=== GIVEN RECORDS ===

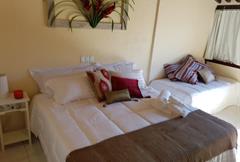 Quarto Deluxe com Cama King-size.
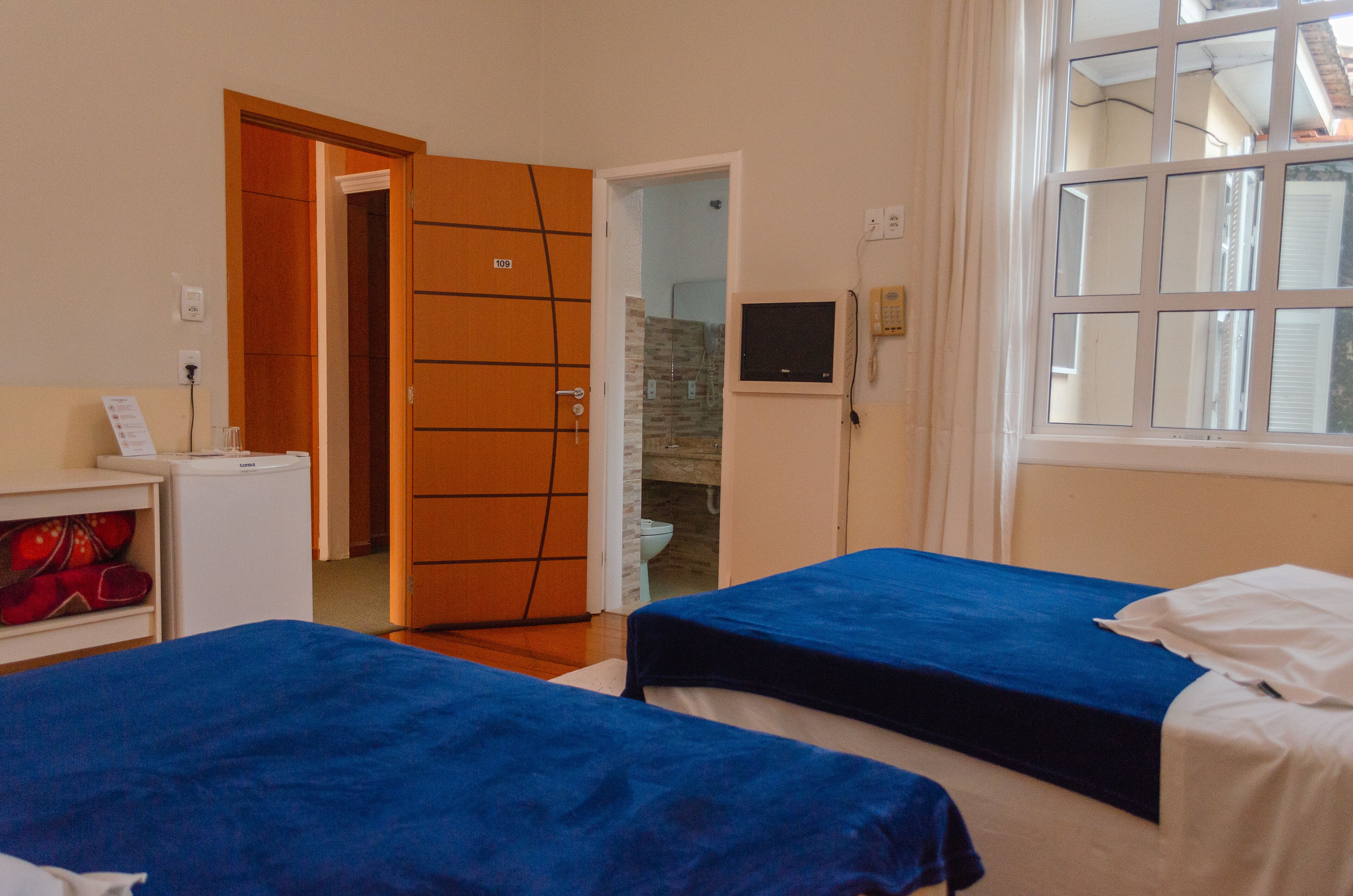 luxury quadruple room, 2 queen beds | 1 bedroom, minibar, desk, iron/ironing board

===
=== GIVEN RECORDS ===

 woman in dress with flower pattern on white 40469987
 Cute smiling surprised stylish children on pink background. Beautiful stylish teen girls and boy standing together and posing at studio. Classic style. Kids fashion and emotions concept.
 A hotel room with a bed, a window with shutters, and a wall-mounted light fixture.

===
=== GIVEN RECORDS ===

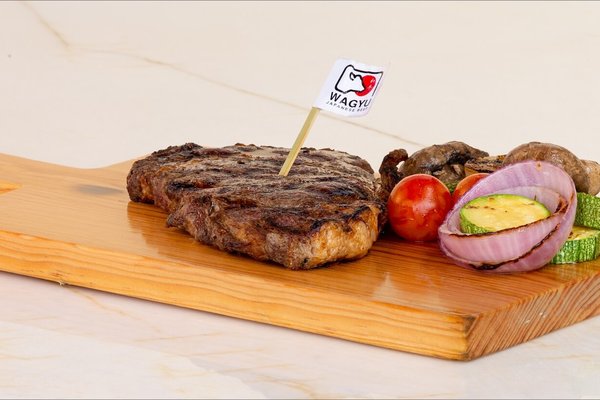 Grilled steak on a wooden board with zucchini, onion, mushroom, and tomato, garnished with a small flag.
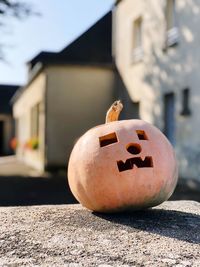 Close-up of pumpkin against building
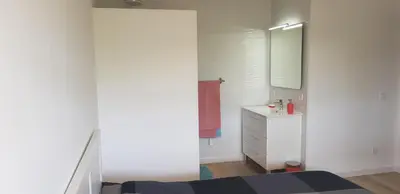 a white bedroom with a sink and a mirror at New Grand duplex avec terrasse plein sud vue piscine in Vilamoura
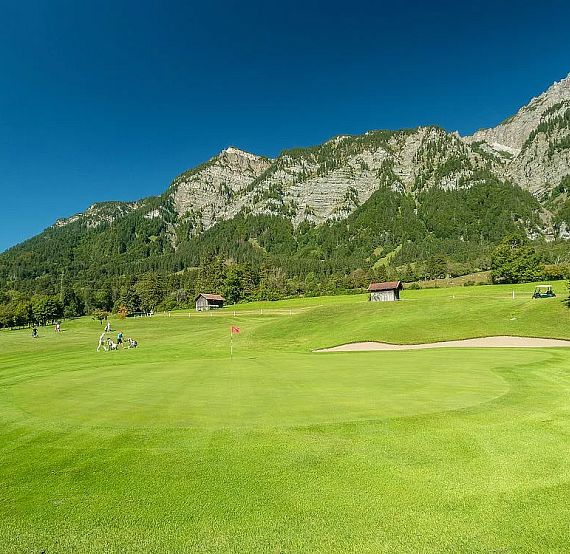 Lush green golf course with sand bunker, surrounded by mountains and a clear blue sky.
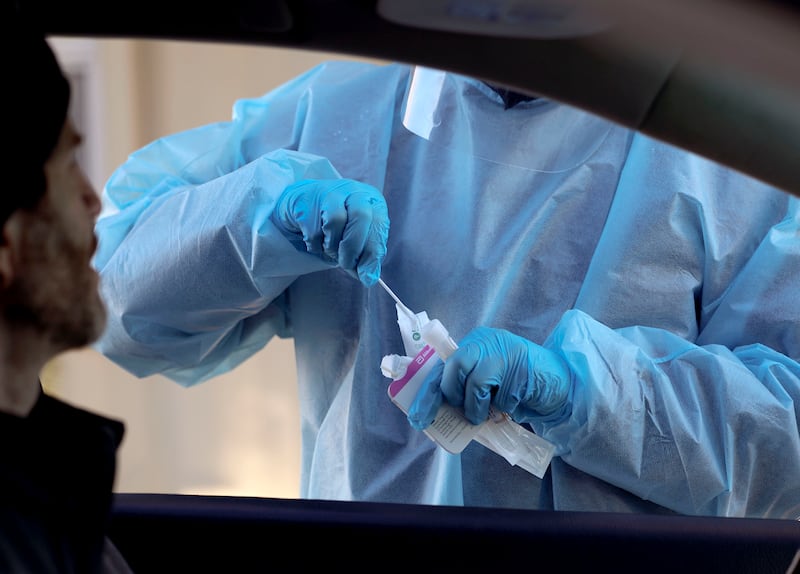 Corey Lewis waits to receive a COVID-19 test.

===

#### TASK INSTRUCTIONS:
Above are some records. Reproduce the lines from the one with "Quarto Deluxe com Cama King-size." down to the one with "luxury quadruple room, 2", keeping both, and leave every picture out.

#### EXERCISE RESPONSE:
 Quarto Deluxe com Cama King-size.
 luxury quadruple room, 2 queen beds | 1 bedroom, minibar, desk, iron/ironing board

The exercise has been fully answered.